Adobe Flaw Allows Full Movie Downloads For Free 166
webax writes with this excerpt from Reuters:
"[An Adobe security hole] exposes online video content to the rampant piracy that plagued the music industry during the Napster era and is undermining efforts by retailers, movie studios and television networks to cash in on a huge Web audience. 'It's a fundamental flaw in the Adobe design. This was designed stupidly,' said Bruce Schneier ... The flaw rests in Adobe's Flash video servers that are connected to the company's players installed in nearly all of the world's Web-connected computers. The software doesn't encrypt online content, but only orders sent to a video player such as start and stop play. To boost download speeds, Adobe dropped a stringent security feature that protects the connection between the Adobe software and its players."

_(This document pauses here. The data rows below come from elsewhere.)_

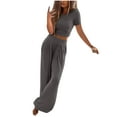thumbnail image 2 of Tbopshirt Women's 2 Piece Outfits Women's Summer Short Sleeve Crewneck Tops Long Pants Comfortable Homewear Two-piece Set Wide Leg Pants, 2 of 5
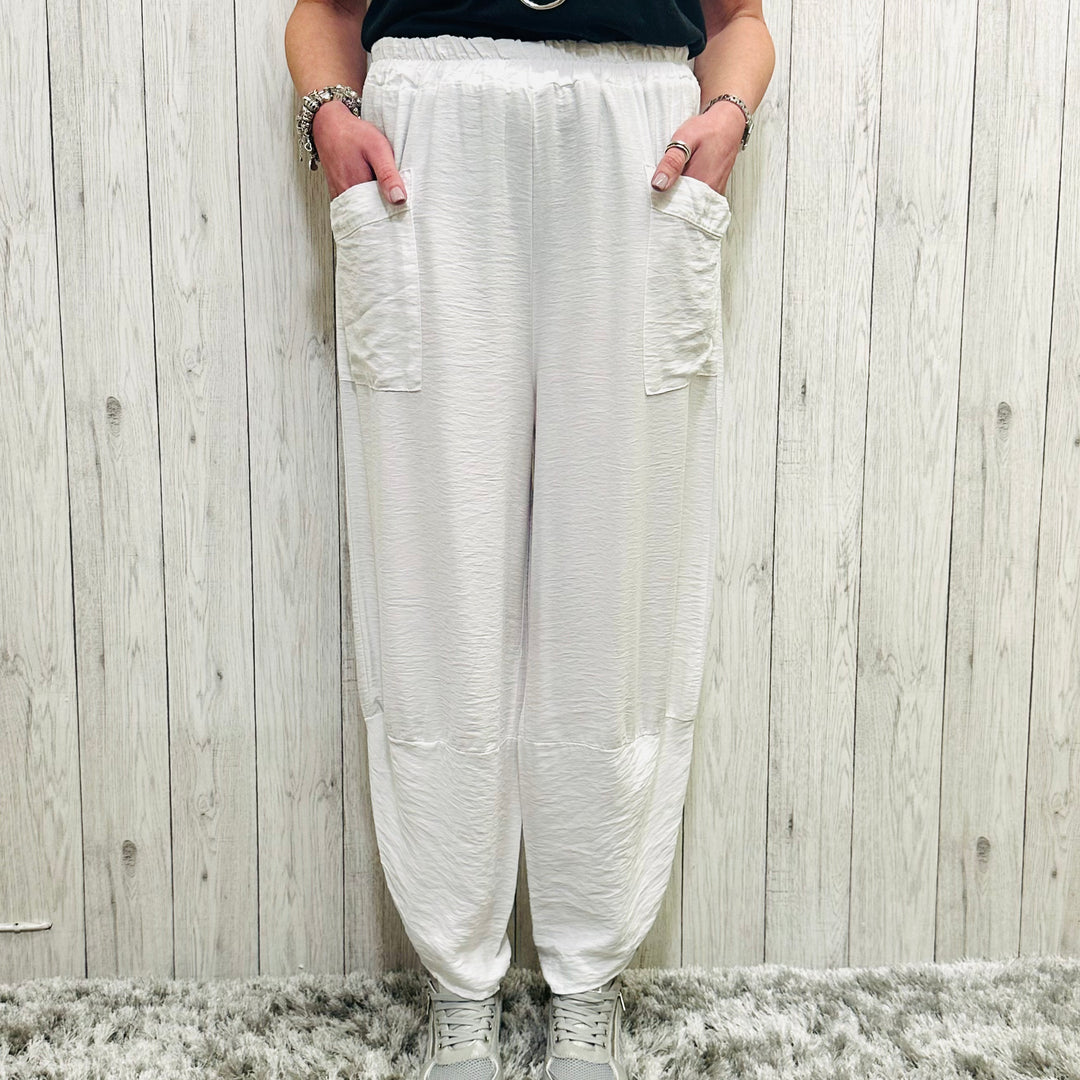 Lola Linen Mix Trousers White - Sugarplum Boutique
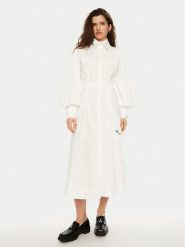 KARL LAGERFELD Sukienka koszulowa A1W13018 Biały Regular Fit. Białe sukienki KARL LAGERFELD, bez wzorów, z bawełny, bez kołnierzyka, bez ramiączek, koszulowe. Za 759.99 zł.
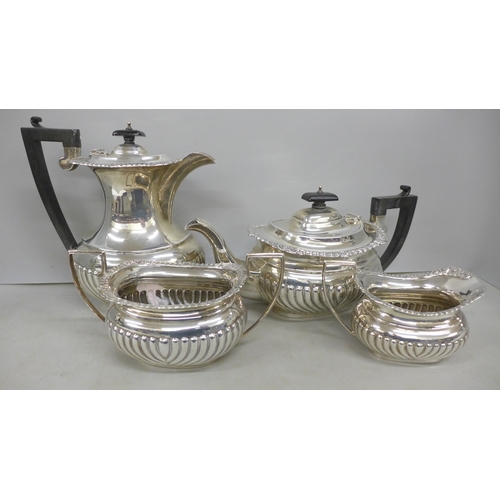 7373 - A George VI silver four piece tea set, S Blanckensee & Son Ltd., Chester, 1937, teapot with differen...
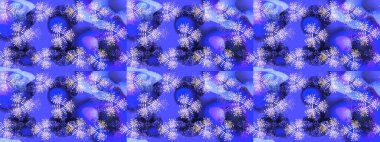 Kış konsepti Raster illüstrasyonu. Mor, mavi ve nötr renklerdeki kar tanelerinden oluşan kış deseni. Düz yatıyordu.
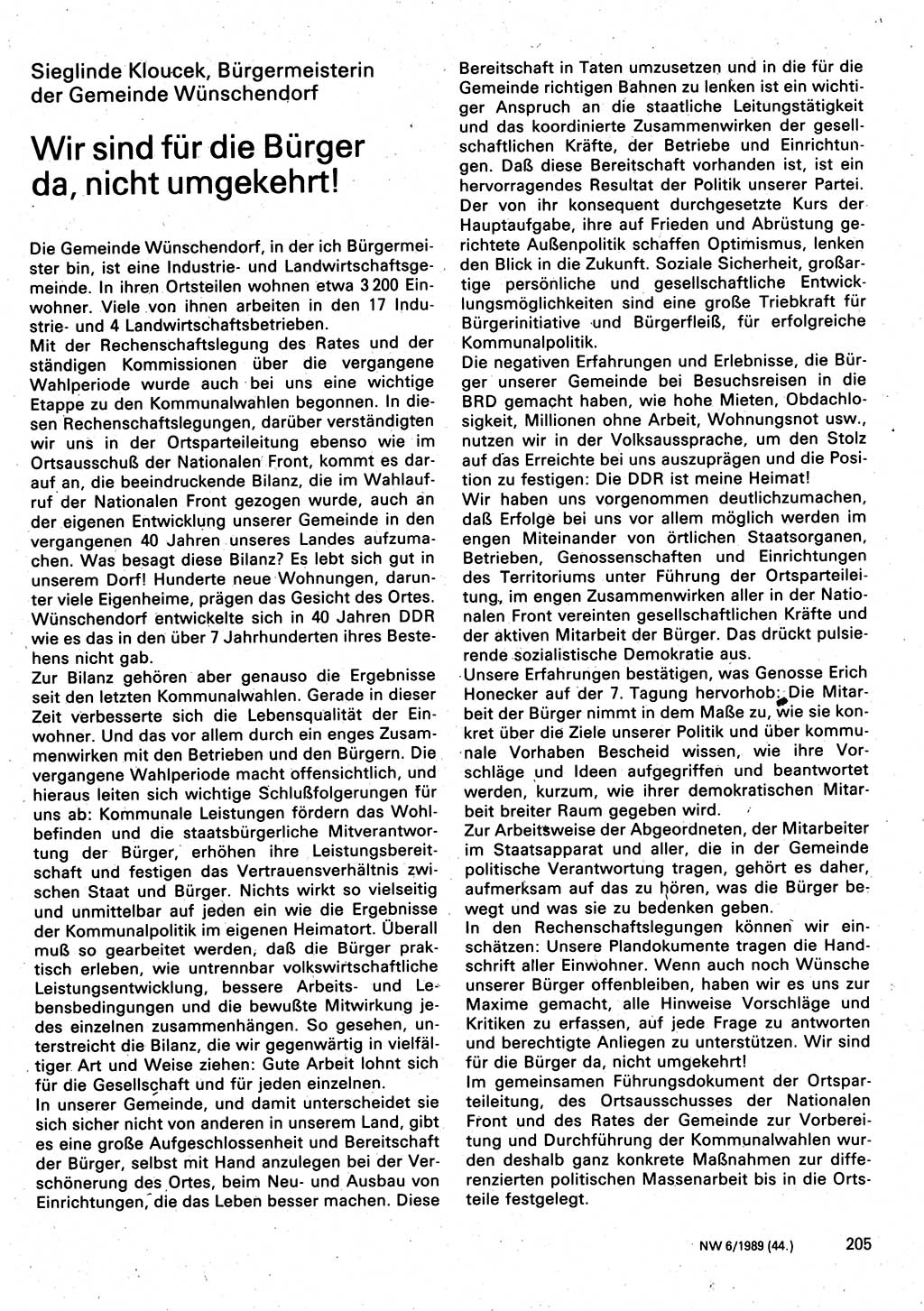 Neuer Weg (NW), Organ des Zentralkomitees (ZK) der SED (Sozialistische Einheitspartei Deutschlands) für Fragen des Parteilebens, 44. Jahrgang [Deutsche Demokratische Republik (DDR)] 1989, Seite 205 (NW ZK SED DDR 1989, S. 205)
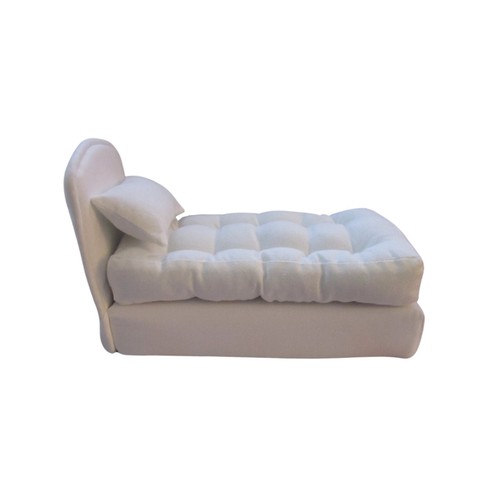 White upholstered doll bed - white, for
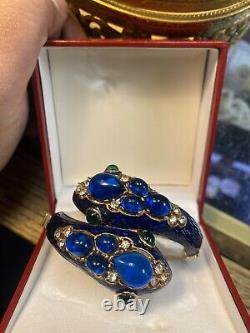 Trifari Alfred Philippe L'Orient Collection Snake Bracelet Crown Blue Enamel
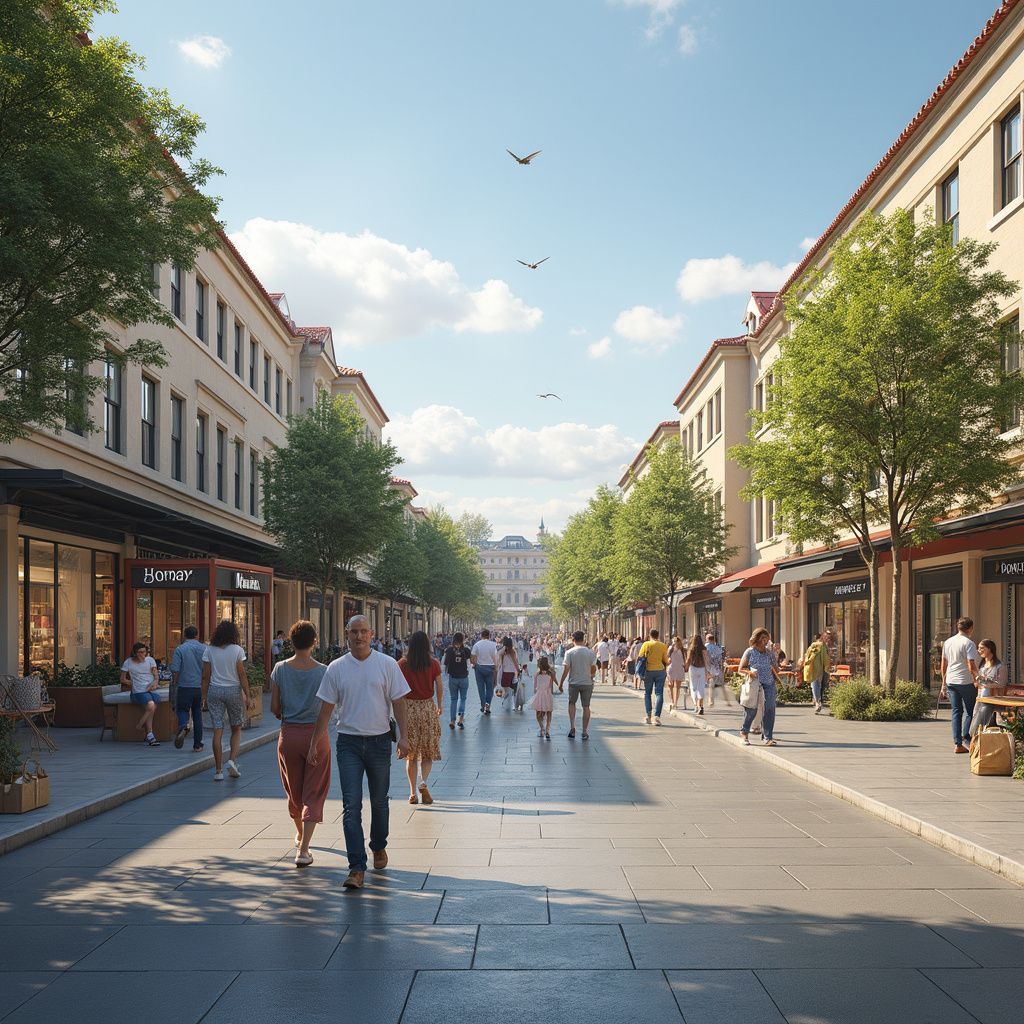 Pedestrian street with people walking by shops and trees under a blue sky.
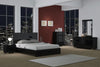 79'' X 80''  X 43'' 4pc Eastern King Modern Black High Gloss Bedroom Set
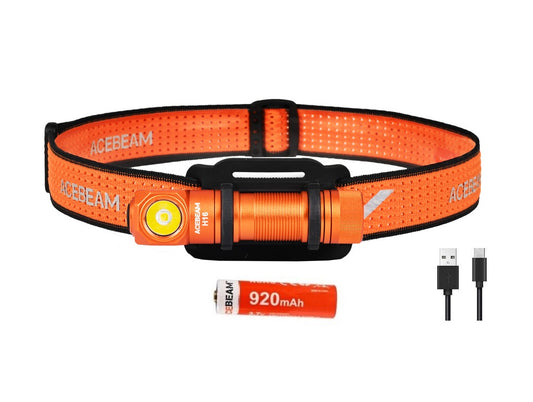 New AceBeam H16 Orange USB Charge 650 Lumens LED Headlight Headlamp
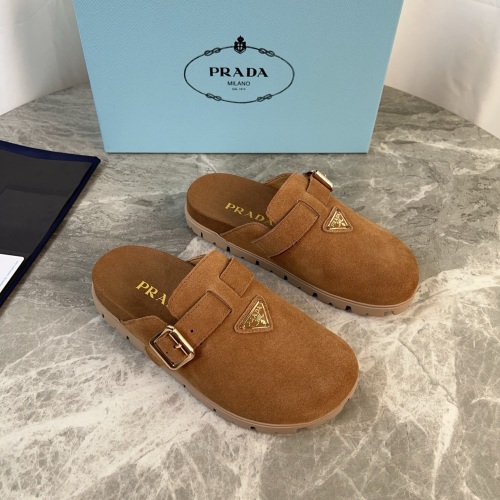 Prada Women's Brown Suede Mules with Adjustable Buckle Detail - Size 35-41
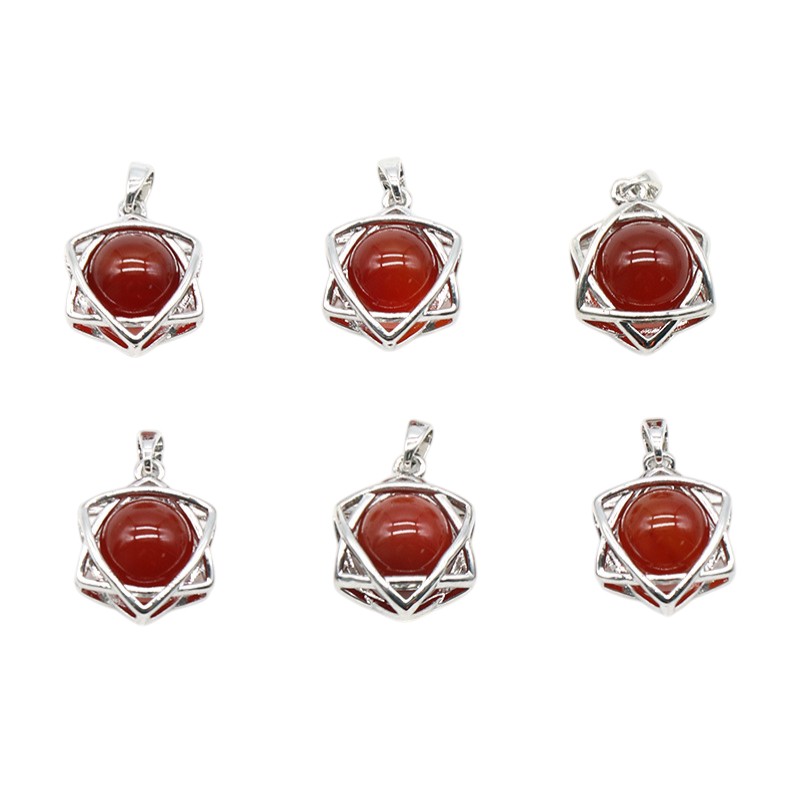 Natural Crystal Hexagram Pendant, Star Cage Gemstone Charm with Round Stone Bead for DIY Bracelet, Necklace Making and Handmade Jewelry Accessories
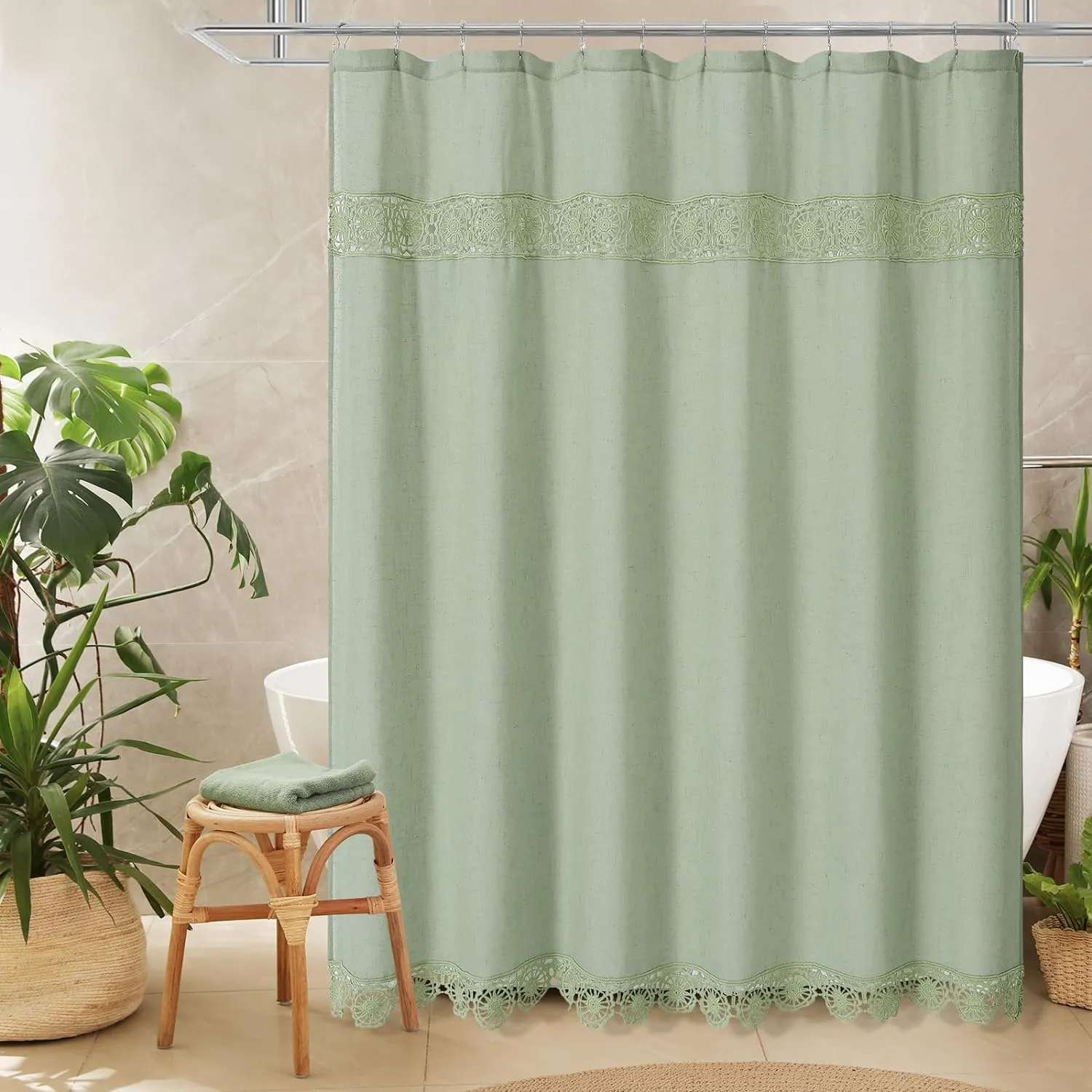 Gibelle Boho Farmhouse Shower Curtain Set, Linen Cotton Fabric Shower Curtain with Macrame Lace Decor, Modern Bohemian French Country Chic Bathroom Curtain with PEVA Liner 72x72 - Green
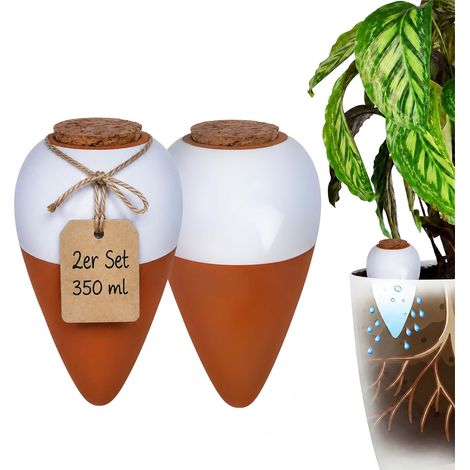 Relaxdays Tonkegel Bewässerung, 2er Set, 350 ml, Gießhelfer mit Deckel, Zimmerpflanzen & Balkonkästen, terrakotta/weiß (1/5)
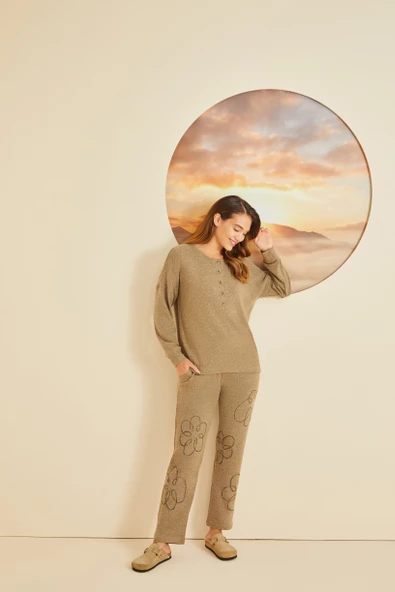 Poleren 7735 Kadın Kışlık Pijama Takım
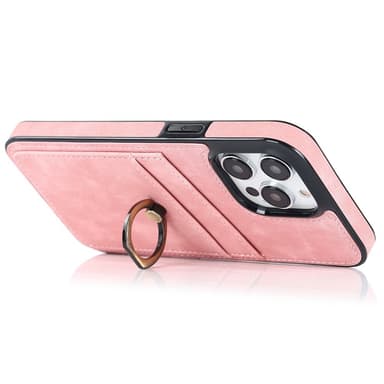 SKALO iPhone 14 Pro Max PU-Läder Korthållare Ring - Rosa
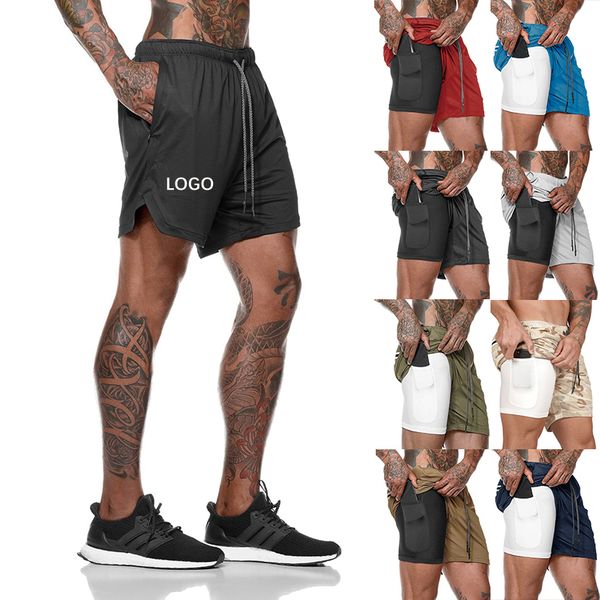 Dropshipping Mens Workout Jogger Running Shorts Men 2 in 1 Sports Jogging Gym  Fitness Training Shorts
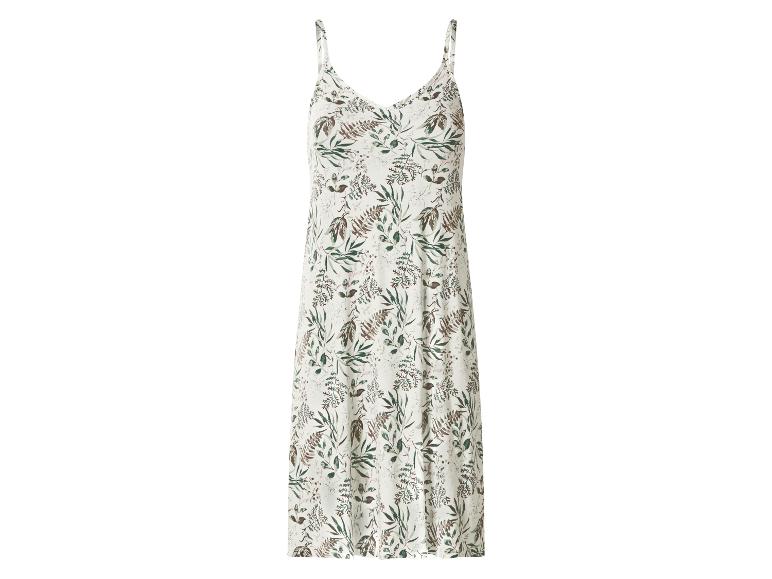 Robe longue à bretelles avec imprimé floral de feuilles vertes et marron.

webax also notes that the article suggests DRM as a potential solution to the problem.
Re:Doublethink (Score:5, Informative)
Schneier didn't write the article. He is only quoted briefly.
Not really a flaw (Score:5, Informative)
There are two separate issues mentioned in the article.
1. HTTP and RTMP are not encrypted and thus it's trivial to record any video sent over these protocols. This is well-documented and I'd hardly consider it a flaw. Flash 9u3 has DRM (RTMPE+verification), but most Web sites don't bother to use it.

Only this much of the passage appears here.